I will probably pick up sand for my substrate; but what colors bring out the colors in Cichlids?

Dark sand/substrate would be best right?


----------



## Marty (Jan 1, 2009)

Your best bet is to do like i did and buy some eco complete african cichlid sand.That is if you want sand i use the eco complete gravel and substrate.Not only does it look nice but it will cycle your tank for you and help keep your P.H around 8.2 like the cichlids need


----------



## Fishboydanny1 (Jun 13, 2008)

Guess what?! ics: 

It's the only way we can surely match your cichlid..... By the way, in the second link, the big blue one was a male, and the silvery-brown one in the corner is a female. I have what is the "true" Ahli (i guess that's what you call it....) which is similar to Fryeri, but has faint bars, and reddish mixed with the blue in the pectoral and anal fins. mine is also what is known as the "Ice" variant that has more white in the dorsal which stretches to the mouth. 

As for what he can be kept with, make sure he is the dominant fish in the tank, because if he isn't he'll most likely stay out of sight, very shy. do not keep him with larger or equal size Venustus, Kenyi, and other highly aggresive cichlids. More peaceful Mbuna like demasoni and Labidochromis are excellent candidates as tankmates, along with other Haplichromis.

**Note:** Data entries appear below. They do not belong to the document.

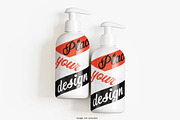 Cosmetic pump mockup bundles, a Cups & Container Mockup by Ambo Ampeng (Thumbnail 12 of 32)
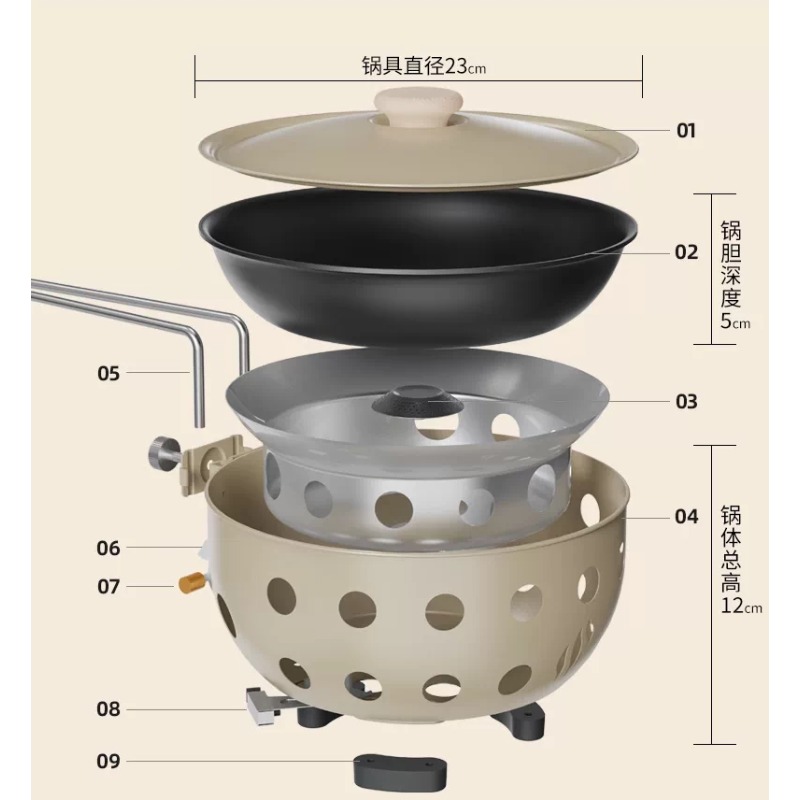 Açık hava taşınabilir kasetli  - Camping Cooking All In One incelemesi ve fiyatı
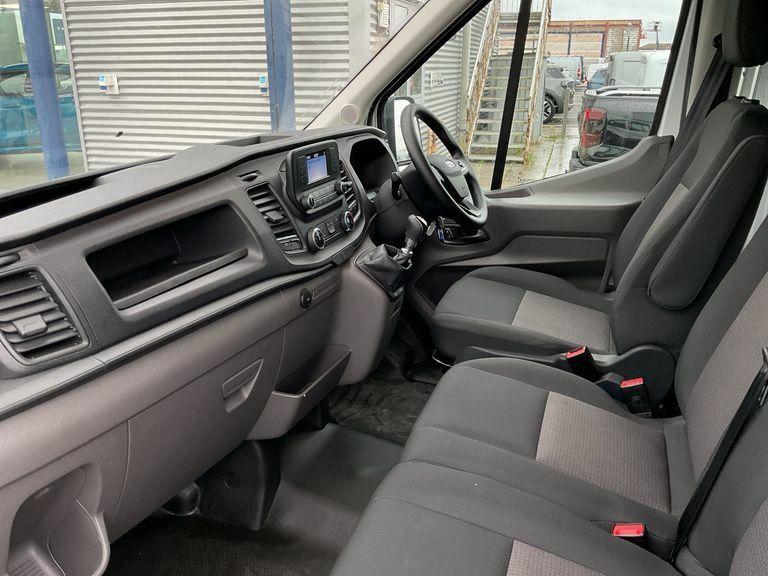 Ford Transit Custom 2.0 Ecoblue 130Ps Leader Luton Van White #2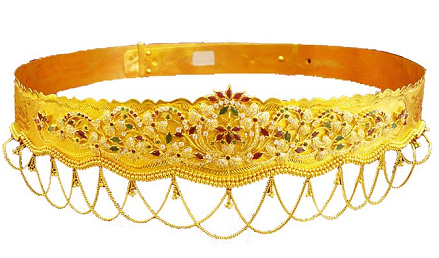 Indian Gold Waist Belt for Women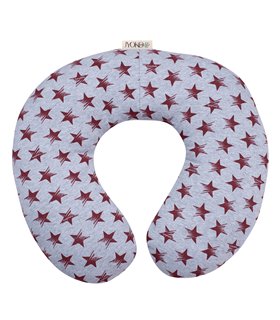 Almofada de viagem - vista frontal da estrela de giz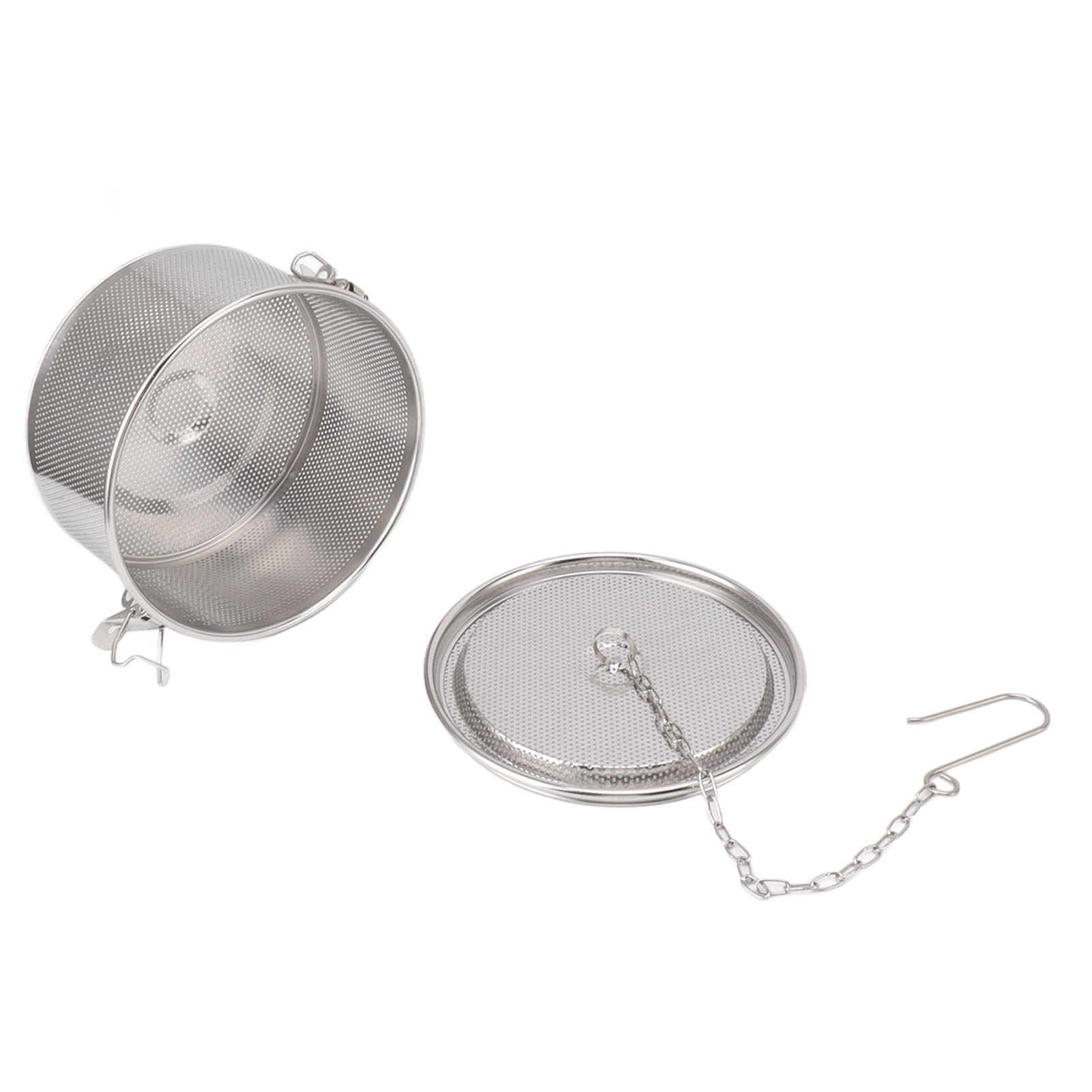 Gewürzsieb Mit Aufhängekette, Tee-ei Aus Edelstahl, Suppensieb, Gewürzsiebkorb, 18 Cm Durchmesser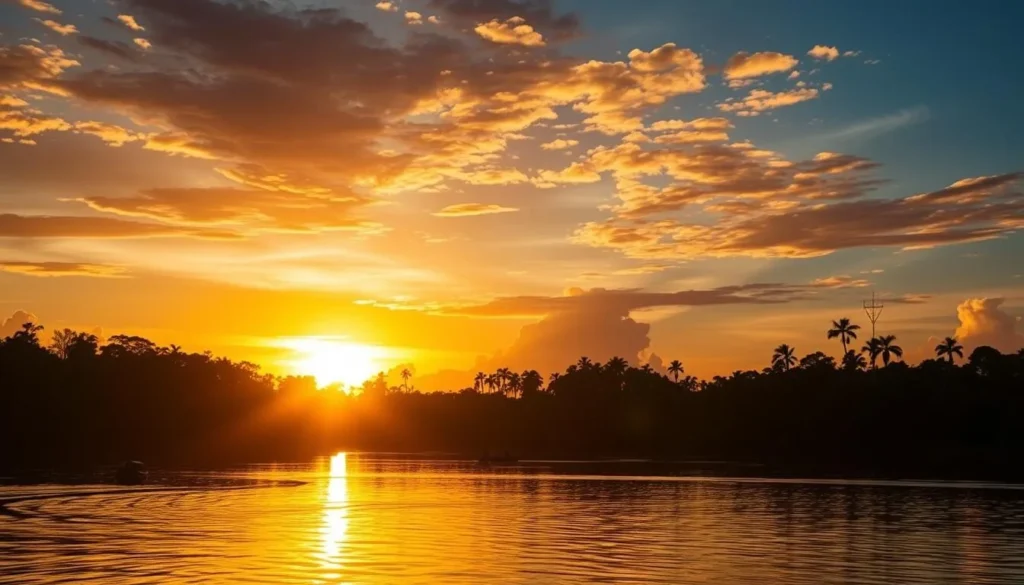 Sunset over Cuyabeno Wildlife Reserve in the Amazon, one of the best things to do in Ecuador Sunset over Cuyabeno Wildlife Reserve in the Amazon, one of the best things to do in Ecuador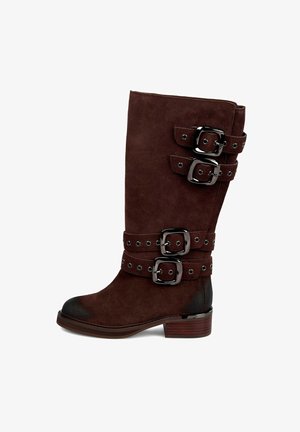 Cowboy-/Bikerlaarzen - marrón jaspeado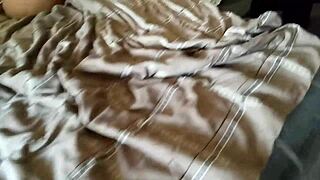 pulling down leggings sliding cock between big booty african doll's chocolate cheeks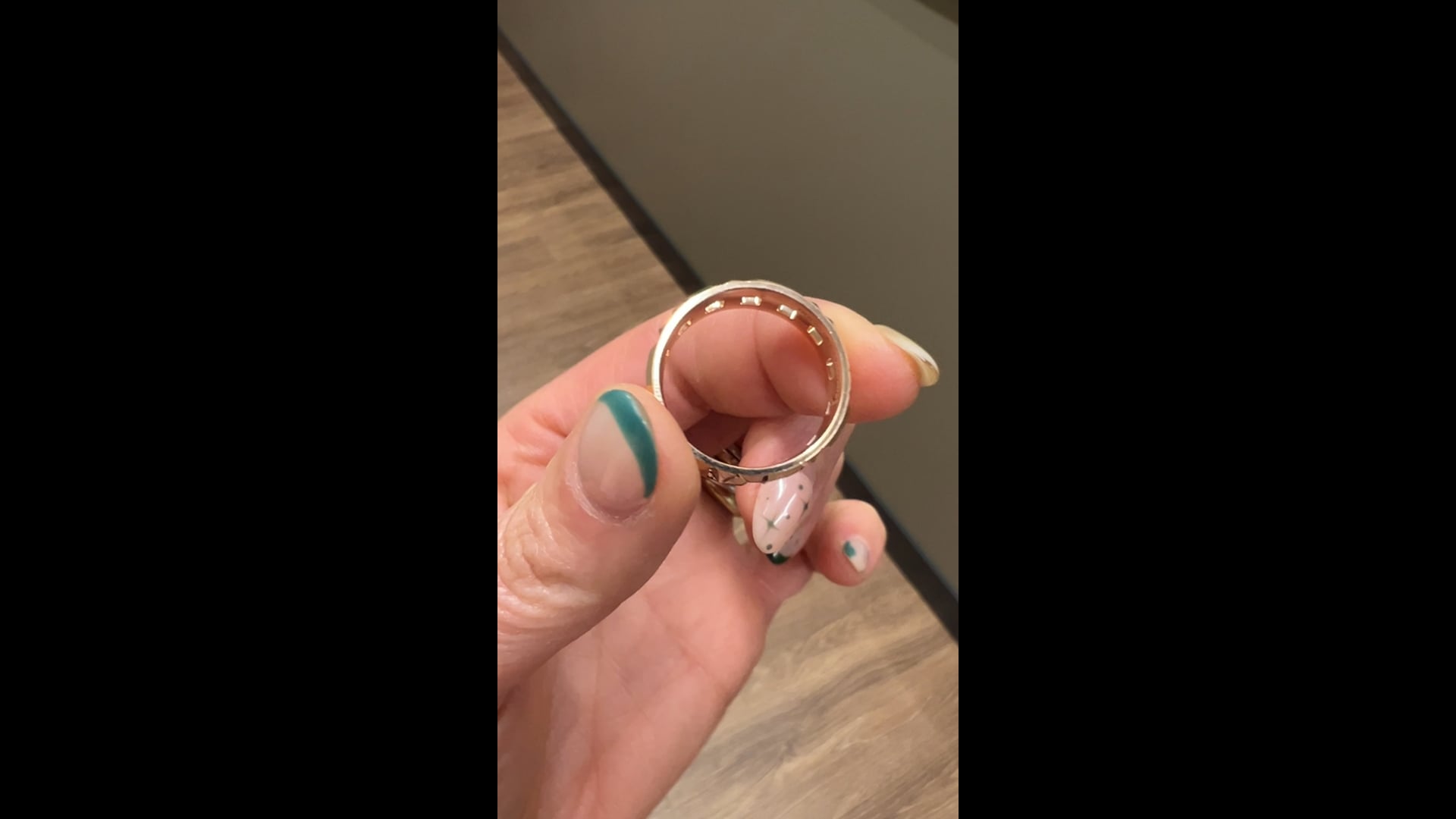 Tiffany and Co. Tiffany T. True 18K Rose Gold Band Ring 8MM For 
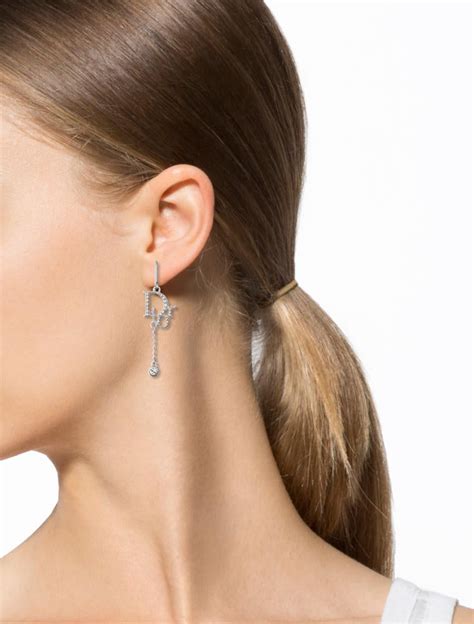 christian dior tear drop earings|christian dior earrings double balls.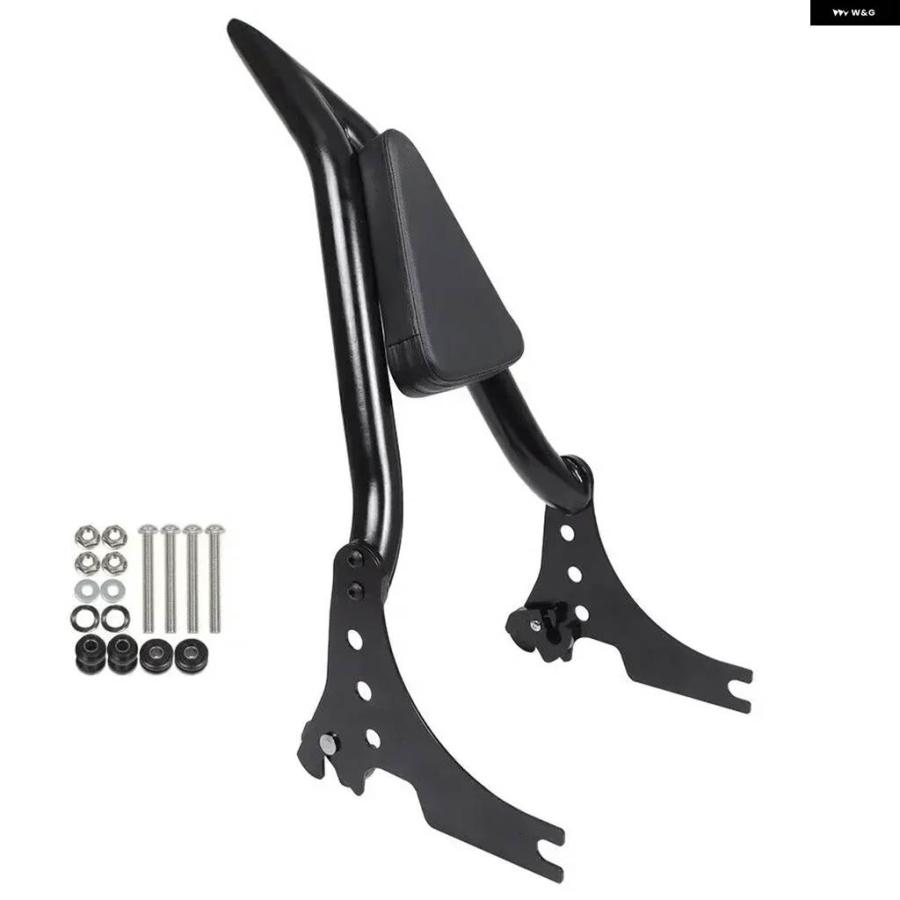 並行輸入品 オートバイ 着脱式リアバックレスト パッド パッセンジャー シーシーバー ブラケット ハーレー スポーツスター アイアン 1200 48 72_5
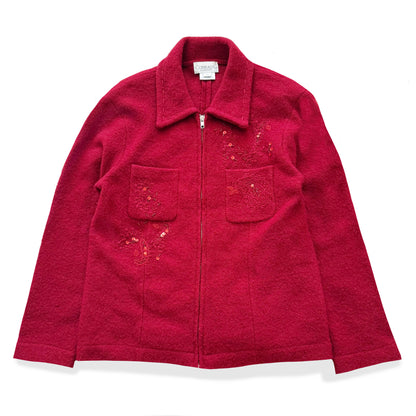 Vintage Conrad C, Red Collared Sweater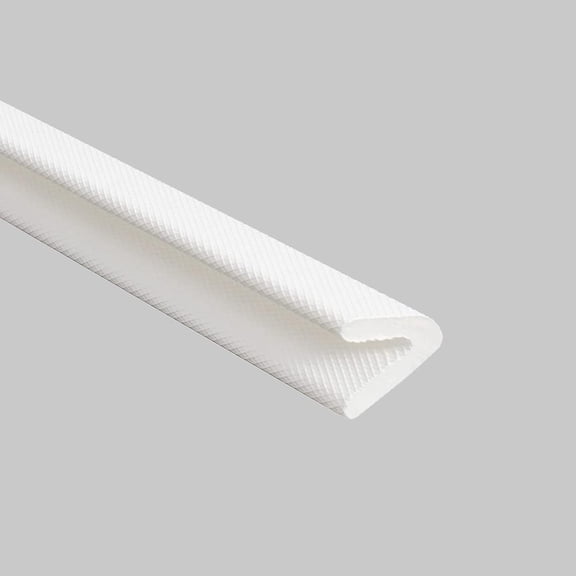 Adhesive V Shape Weatherstrip, Weather Stripping Door Seal Strip Foam Door Frame Insulation Side Jamb Bottom Groove Gap Filler Soundproof V Weatherstripping (White, 1/2 in x 1/2 in x 26 Ft)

Try to get three females to go with your male, so he'll display his best colors.... you can get females on the internet or a fish farm in your area, if your down south. 

Pea gravel is just fine for african cichlids, but make sure it is smooth, because they like to move gravel around. My cichlids don't do it much, but when they do, it is under a pile of rocks or just to make a passage way bigger. Pea gravel is also easier to clean, because you can vacuum it, which you cant do with sand. for ease of keeping for the long run, i went with the pea gravel. To maintain the ph and other elements, use Seachem Malawi/victoria Buffer and Seachem rift lake salt. My gravel is the darker natural gravel (about 3/4) and the regular color natural gravel (1/4). check out my Photo gallery<---, and search by amount of views. this tank is the 120 gal. African cichlid Community. Good luck with your fish!

Remember: ics:


----------



## DarkRevoultions (Sep 5, 2008)

leeFX said:


> Any specifics to not pair with? Should I stick to Malawi cichlids or can I get Lake Tanganyika & Lake Victoria cichlids as well?
> 
> A Yellow Lab. or Red Zebra should do just fine; right?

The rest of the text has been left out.